Dalam kehidupan sehari-hari, kita sering dihadapkan pada berbagai situasi yang bisa memicu emosi. Dari kritik tajam yang dianggap menyerang atau kondisi yang tidak sesuai harapan, dan parahnya di saat seperti ini kita dituntut membuat suatu keputusan.
Filosofi air mendidih menawarkan perspektif yang menarik dan bermanfaat dalam menghadapi situasi ini. Seperti air yang mendidih, ketika emosi memuncak, kita tidak dapat melihat dengan jelas apa yang ada di dalam air itu karena terhalang oleh gejolak dan uap. Berbeda dengan air dalam keadaan tenang, kita bisa melihat isi air itu dengan jelas, seperti itu juga pikiran kita.

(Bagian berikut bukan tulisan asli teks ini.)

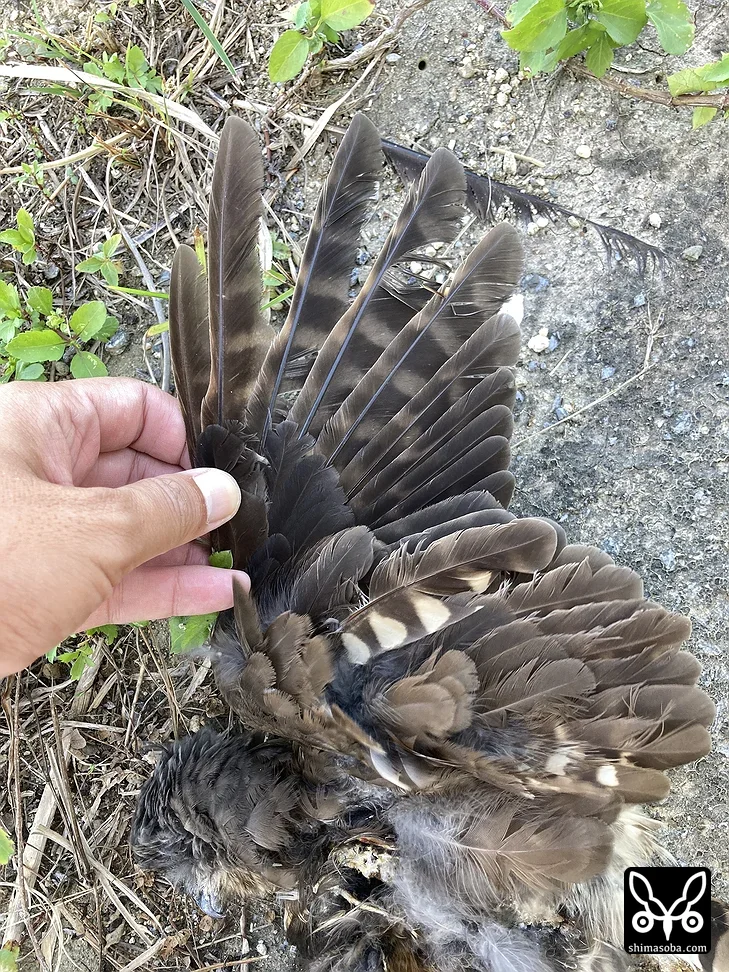 リュウキュウアオバズク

Air Mendidih: Simbol Emosi yang Meluap
Bayangkan sebuah panci berisi air yang dipanaskan di atas kompor. Saat suhu meningkat, air mulai mendidih dan menghasilkan uap. Dalam kondisi ini, sulit untuk melihat ke dalam panci karena pandangan kita terhalang oleh gejolak dan uap yang dihasilkan.
Hal yang sama terjadi pada pikiran kita ketika emosi meluap. Kemarahan dan frustrasi bertindak seperti air mendidih, mengaburkan pandangan kita terhadap situasi yang sebenarnya.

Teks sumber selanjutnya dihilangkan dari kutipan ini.